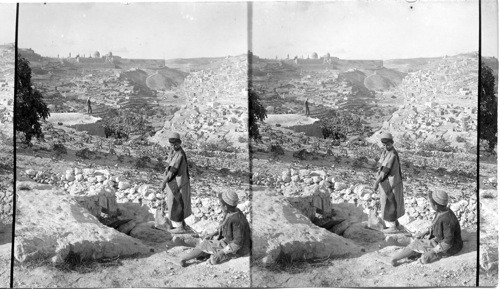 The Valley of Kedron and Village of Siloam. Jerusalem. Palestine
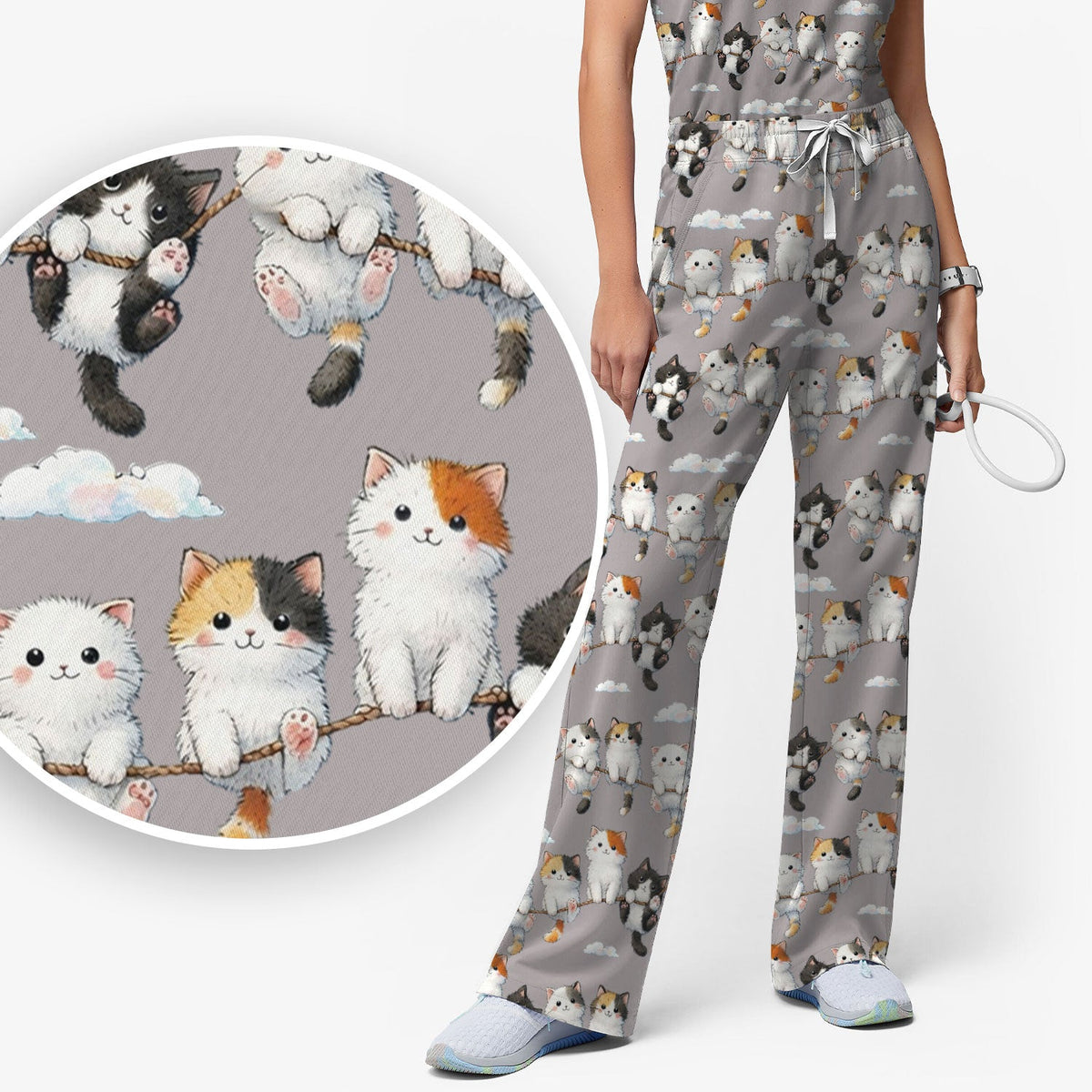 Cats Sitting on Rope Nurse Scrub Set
------------------------------------------------------------------------
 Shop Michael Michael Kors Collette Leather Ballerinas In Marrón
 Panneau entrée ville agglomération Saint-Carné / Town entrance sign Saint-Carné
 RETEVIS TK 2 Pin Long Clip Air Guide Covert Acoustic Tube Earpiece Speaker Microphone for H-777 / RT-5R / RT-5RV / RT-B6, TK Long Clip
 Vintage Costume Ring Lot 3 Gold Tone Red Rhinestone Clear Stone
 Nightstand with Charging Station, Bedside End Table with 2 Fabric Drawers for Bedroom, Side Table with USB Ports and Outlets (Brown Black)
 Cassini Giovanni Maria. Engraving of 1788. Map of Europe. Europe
------------------------------------------------------------------------
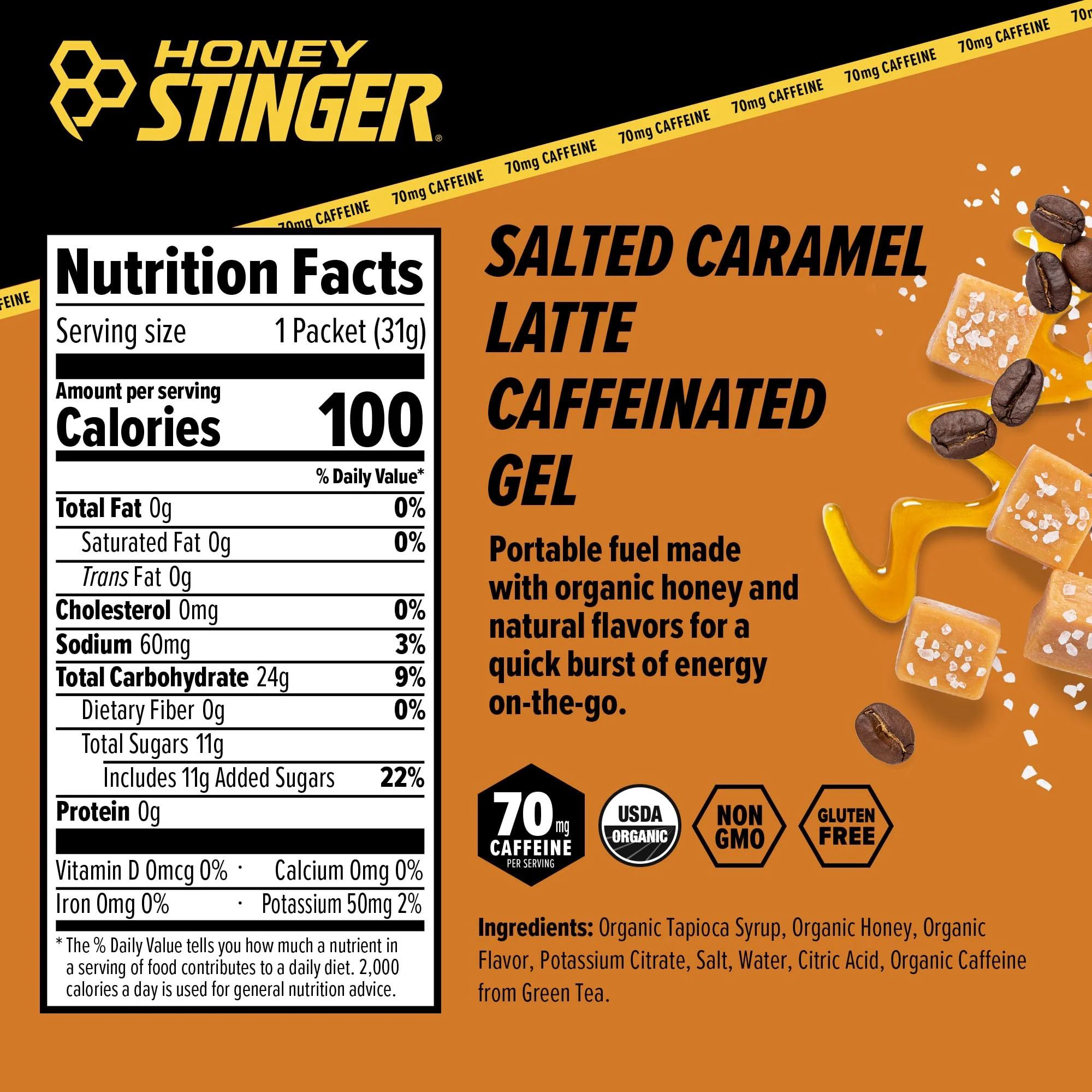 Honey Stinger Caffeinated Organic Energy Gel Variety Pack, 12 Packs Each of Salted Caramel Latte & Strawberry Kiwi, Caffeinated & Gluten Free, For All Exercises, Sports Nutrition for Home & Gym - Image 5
------------------------------------------------------------------------
### Exercise objective
Reproduce exactly, and only, the part of the listing above that begins at the line with "Nightstand with Charging" and goes on through the line with "Cassini Giovanni Maria.".

### Task output
 Nightstand with Charging Station, Bedside End Table with 2 Fabric Drawers for Bedroom, Side Table with USB Ports and Outlets (Brown Black)
 Cassini Giovanni Maria. Engraving of 1788. Map of Europe. Europe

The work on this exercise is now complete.